Even if this proposed program is implemented, the wild blueberry industry can still create a separate image and niche market to identify its product.

It is not uncommon in other national research and promotion programs that a generic term is used for a commodity that is defined with further specificity. For example, the Fluid Milk Promotion Order uses the term “milk” and defines it as any class of cow's milk produced in the United States. Neither this definition of milk nor the title of the Fluid Milk Promotion Order addresses goats' milk or other speciality milks. As with fluid milk, “blueberry” is a generic term. Further, cultivated blueberries represent the majority of production. Therefore, no change will be made as a result of this comment, and we will leave the proposed Order provisions and Council title as recommended by the proponent.
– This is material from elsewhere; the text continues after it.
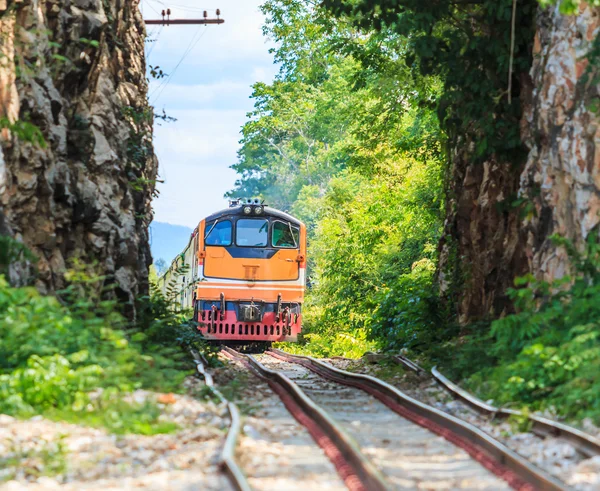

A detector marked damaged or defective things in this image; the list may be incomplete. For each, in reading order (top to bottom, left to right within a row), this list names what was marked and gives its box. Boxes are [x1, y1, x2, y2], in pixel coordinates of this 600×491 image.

rusty rail [191, 350, 250, 491]
rusty rail [270, 350, 568, 491]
Comments were received concerning the accuracy and clarity of wording in the background section of the proposed Order. These comments included a notation that the NABC is not the only national organization funding blueberry market development and asked for clarification of how the proposed Order would be approved in a referendum. We have addressed these comments and revised the background section, as appropriate.

Comments regarding the regulatory text included a comment concerning § 1218.2 which defines blueberries. The commenter requested that the definition of blueberries be clarified by including lowbush/highbush crosses (known as “half-high” blueberries). The definition of blueberries submitted by the proponent only excludes the lowbush (wild) blueberry. Therefore, simply clarifying that hybrids are included will not significantly change the definition of blueberry. Further, any blueberry that is not a pure lowbush is generally considered cultivated (highbush).

A comment was submitted on § 1218.07 which defines a first handler. The commenter felt a need to specify that a producer who markets his or her own product be considered a first handler. Including such producers in the definition of first handlers is consistent with other similar national research and promotion programs. Therefore, we accept the commenter's suggestion to include blueberry producers who market their own product in the definition of first handlers and have added this to the definition.

A comment was received concerning § 1218.41 which addresses nominations and appointments to the USABC. The commenter requested the inclusion of a statement indicating that no one group should have a majority position on the USABC. The commenter specifically requested that no one state and/or organization have representatives filling more than 6 out of the 13 USABC positions. The commenter addresses a valid concern regarding representation of states and organizations on the USABC. However, according to § 1218.40, which describes the establishment of membership, it would not be possible for any state or organization to have a majority of the positions on the Council. Only two members could come from the same state as, of the nine producer positions, four regions are represented along with the top five blueberry producing states. Concerning majority representation of organizations, with 9 of the 13 positions being filled by producers, an organization could not obtain a majority position. Therefore, no change is necessary as a result of this comment.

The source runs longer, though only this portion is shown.